Segundo os tribunais superiores, o princípio da insignificância pode ser aplicado em qualquer crime, desde que seja com ele compatível. Assim, devem ser observados os seguintes requisitos: O valor do objeto do crime e os aspectos objetivos do fato, tais como,a mínima ofensividade da conduta do agente, a ausência de periculosidade social da ação, o reduzido grau de reprovabilidade do comportamento e a inexpressividade da lesão jurídica causada. (STF, RHC 118.972/MG).

Superadas as linhas iniciais. Vamos dialogar sobre a aplicabilidade da bagatela no crime de furto qualificado.

Julgados do Supremo Tribunal Federal e Superior Tribunal de Justiça negaram a aplicação do princípio da insignificância em algumas situações do furto qualificado, tais como: rompimento de obstáculo (STF – HC n. 131.618/MS) escalada (STJ – RHC n. 71.863) e abuso de confiança (STJ – AgInt. no EDcl no AResp 1.386.937/SP). Assim, somos tentados a rechaçar a insignificância no furto qualificado.

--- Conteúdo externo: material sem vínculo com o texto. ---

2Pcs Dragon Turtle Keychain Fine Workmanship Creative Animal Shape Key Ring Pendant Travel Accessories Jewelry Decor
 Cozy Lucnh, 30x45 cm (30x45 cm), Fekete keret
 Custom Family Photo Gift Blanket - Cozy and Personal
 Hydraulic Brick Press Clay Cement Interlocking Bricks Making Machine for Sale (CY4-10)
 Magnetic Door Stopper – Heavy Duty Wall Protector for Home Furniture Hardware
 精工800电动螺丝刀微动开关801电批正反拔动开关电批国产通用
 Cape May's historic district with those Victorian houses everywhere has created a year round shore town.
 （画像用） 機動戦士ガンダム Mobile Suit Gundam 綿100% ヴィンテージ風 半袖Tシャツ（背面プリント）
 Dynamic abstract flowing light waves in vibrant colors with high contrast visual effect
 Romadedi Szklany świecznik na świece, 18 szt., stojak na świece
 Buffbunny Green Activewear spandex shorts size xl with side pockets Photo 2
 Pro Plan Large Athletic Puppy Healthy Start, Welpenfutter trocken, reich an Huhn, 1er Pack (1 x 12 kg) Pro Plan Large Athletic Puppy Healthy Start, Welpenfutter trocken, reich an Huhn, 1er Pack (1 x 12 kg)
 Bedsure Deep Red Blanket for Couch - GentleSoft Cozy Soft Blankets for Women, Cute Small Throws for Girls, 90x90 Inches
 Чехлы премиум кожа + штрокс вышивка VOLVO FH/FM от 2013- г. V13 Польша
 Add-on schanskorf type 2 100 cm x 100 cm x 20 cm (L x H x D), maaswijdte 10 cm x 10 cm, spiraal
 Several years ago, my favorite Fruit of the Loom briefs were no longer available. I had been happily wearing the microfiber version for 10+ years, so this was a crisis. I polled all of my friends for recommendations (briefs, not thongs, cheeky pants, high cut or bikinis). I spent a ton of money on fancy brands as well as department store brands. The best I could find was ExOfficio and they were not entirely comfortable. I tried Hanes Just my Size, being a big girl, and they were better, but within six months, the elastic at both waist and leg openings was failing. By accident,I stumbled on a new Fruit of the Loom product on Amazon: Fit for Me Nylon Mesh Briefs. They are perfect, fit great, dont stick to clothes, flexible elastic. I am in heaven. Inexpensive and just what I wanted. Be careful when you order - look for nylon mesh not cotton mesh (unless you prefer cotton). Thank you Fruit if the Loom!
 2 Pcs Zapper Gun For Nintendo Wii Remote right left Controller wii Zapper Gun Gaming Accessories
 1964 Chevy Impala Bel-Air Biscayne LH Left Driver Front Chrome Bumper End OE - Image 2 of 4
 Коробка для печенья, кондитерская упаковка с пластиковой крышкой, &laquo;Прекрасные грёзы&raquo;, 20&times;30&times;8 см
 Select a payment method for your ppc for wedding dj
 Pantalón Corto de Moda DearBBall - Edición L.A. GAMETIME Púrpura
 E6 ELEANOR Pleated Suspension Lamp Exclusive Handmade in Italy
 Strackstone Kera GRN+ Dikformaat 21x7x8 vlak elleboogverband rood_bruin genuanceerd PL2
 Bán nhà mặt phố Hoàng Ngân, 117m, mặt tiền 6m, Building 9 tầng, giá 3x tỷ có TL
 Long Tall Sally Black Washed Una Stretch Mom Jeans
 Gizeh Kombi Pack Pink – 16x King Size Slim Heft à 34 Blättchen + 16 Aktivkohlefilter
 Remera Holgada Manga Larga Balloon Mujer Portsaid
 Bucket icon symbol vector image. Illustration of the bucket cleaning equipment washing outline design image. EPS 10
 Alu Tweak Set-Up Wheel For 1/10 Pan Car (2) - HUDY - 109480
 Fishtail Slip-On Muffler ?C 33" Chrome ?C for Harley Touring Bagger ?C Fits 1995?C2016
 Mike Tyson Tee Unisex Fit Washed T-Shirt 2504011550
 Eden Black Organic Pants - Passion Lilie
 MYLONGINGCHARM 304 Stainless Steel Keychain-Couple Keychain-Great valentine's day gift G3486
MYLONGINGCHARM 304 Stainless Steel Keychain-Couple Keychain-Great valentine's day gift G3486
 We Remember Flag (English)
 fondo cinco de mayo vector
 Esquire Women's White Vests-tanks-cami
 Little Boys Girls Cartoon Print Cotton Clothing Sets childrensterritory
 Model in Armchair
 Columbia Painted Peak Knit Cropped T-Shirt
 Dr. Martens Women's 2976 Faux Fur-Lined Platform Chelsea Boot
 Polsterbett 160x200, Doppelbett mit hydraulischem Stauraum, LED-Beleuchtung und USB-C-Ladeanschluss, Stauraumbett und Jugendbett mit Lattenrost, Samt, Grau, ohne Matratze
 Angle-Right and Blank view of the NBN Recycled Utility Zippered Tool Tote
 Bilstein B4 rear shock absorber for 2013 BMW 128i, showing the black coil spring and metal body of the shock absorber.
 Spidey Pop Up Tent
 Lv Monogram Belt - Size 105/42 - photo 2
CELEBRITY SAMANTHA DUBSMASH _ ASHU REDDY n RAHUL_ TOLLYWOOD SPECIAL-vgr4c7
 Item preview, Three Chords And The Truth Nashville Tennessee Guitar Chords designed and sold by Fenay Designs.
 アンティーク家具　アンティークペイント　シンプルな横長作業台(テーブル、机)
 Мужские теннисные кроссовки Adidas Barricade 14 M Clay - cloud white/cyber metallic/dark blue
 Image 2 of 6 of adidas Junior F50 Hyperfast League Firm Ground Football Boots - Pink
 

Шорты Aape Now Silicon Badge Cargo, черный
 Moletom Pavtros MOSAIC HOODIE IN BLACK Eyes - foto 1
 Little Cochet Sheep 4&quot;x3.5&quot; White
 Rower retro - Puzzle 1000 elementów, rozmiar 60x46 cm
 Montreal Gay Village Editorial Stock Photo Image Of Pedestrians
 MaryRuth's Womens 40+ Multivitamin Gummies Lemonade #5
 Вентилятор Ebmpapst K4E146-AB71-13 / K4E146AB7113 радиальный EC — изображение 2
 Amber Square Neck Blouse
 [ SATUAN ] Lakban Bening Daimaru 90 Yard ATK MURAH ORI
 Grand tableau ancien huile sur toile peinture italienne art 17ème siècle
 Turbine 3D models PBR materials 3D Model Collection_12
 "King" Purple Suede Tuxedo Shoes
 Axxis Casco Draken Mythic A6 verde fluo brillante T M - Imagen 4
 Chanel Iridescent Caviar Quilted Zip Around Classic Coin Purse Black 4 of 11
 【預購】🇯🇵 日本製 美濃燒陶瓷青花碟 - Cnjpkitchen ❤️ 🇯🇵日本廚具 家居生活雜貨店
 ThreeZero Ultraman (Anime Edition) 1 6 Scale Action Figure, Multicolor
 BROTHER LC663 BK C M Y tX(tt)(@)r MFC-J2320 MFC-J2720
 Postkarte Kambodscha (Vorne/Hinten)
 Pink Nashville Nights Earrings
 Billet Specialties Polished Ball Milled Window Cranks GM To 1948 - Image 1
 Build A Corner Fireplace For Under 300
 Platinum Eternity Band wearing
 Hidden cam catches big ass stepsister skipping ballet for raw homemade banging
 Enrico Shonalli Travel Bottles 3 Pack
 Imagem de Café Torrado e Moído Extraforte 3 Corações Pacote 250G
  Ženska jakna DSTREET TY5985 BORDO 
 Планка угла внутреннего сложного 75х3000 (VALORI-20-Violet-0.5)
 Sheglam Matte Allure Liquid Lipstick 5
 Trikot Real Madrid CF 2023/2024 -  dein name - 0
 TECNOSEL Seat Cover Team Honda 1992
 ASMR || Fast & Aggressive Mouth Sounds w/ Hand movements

Acontece que recentemente, a 5a Turma do STJ reconheceu que a presença da qualificadora, por si, só não impede o afastamento da tipicidade material, pois as circunstâncias do princípio da insignificância. No caso concreto, o furto era qualificado em razão do concurso de agentes (Art. 155, parágrafo 4, IV, do CP) e a coisa furtado foi avaliada em R$ 62, 29 (produtos alimentícios).

Confira o julgado:

PENAL E PROCESSO PENAL. HABEAS CORPUS SUBSTITUTIVO DE RECURSO ESPECIAL. DESCABIMENTO. FURTO QUALIFICADO. SUBTRAÇÃO DE GÊNEROS ALIMENTÍCIOS. EXCEPCIONALIDADE DO CASO CONCRETO. TRANCAMENTO DA AÇÃO PENAL. ORDEM CONCEDIDA DE OFÍCIO. 1. O Superior Tribunal de Justiça, seguindo entendimento firmado pelo Supremo Tribunal Federal, passou a não admitir o conhecimento de habeas corpus substitutivo de recurso previsto para a espécie. No entanto, deve-se analisar o pedido formulado na inicial, tendo em vista a possibilidade de se conceder a ordem de ofício, em razão da existência de eventual coação ilegal. 2. De acordo com a orientação traçada pelo Supremo Tribunal Federal, a aplicação do princípio da insignificância demanda a verificação da presença concomitante dos seguintes vetores (a) a mínima ofensividade da conduta do agente, (b) a nenhuma periculosidade social da ação, (c) o reduzidíssimo grau de reprovabilidade do comportamento e (d) a inexpressividade da lesão jurídica provocada. 3. O princípio da insignificância é verdadeiro benefício na esfera penal, razão pela qual não há como deixar de se analisar o passado criminoso do agente, sob pena de se instigar a multiplicação de pequenos crimes pelo mesmo autor, os quais se tornariam inatingíveis pelo ordenamento penal. Imprescindível, no caso concreto, porquanto, de plano, aquele que é contumaz na prática de crimes não faz jus a benesses jurídicas. 4. Na espécie, a conduta é referente a um furto qualificado pelo concurso de agentes de produtos alimentícios avaliados em R$ 62,29. 5. Assim, muito embora a presença da qualificadora possa, à primeira vista, impedir o reconhecimento da atipicidade material da conduta, a análise conjunta das circunstâncias demonstra a ausência de lesividade do fato imputado, recomendando a aplicação do princípio da insignificância. 6. Habeas corpus não conhecido. Ordem concedida de ofício para trancar a ação penal movida em desfavor das pacientes – STJ – 5a Turma – HC n. HC 553872/SP – julgado em 11/02/2020.

Como se vé, para que uma conduta seja considerada típica, além da tipicidade formal (subsunção do fato à norma) é imperioso que ocorra a tipicidade material (lesão concreta ao bem jurídico protegido). Se não houve tipicidade material, não há crime, uma vez que a tipicidade formal é insuficiente para que o fato seja relevante ao Direito Penal, em razão do princípio da insignificância.

Diante disso, é possível aplicar o princípio da insignificância, ainda que ao furto qualificado, sempre observadas as circunstâncias concretas e ausente a tipicidade material, conforme jurisprudência recente do STJ.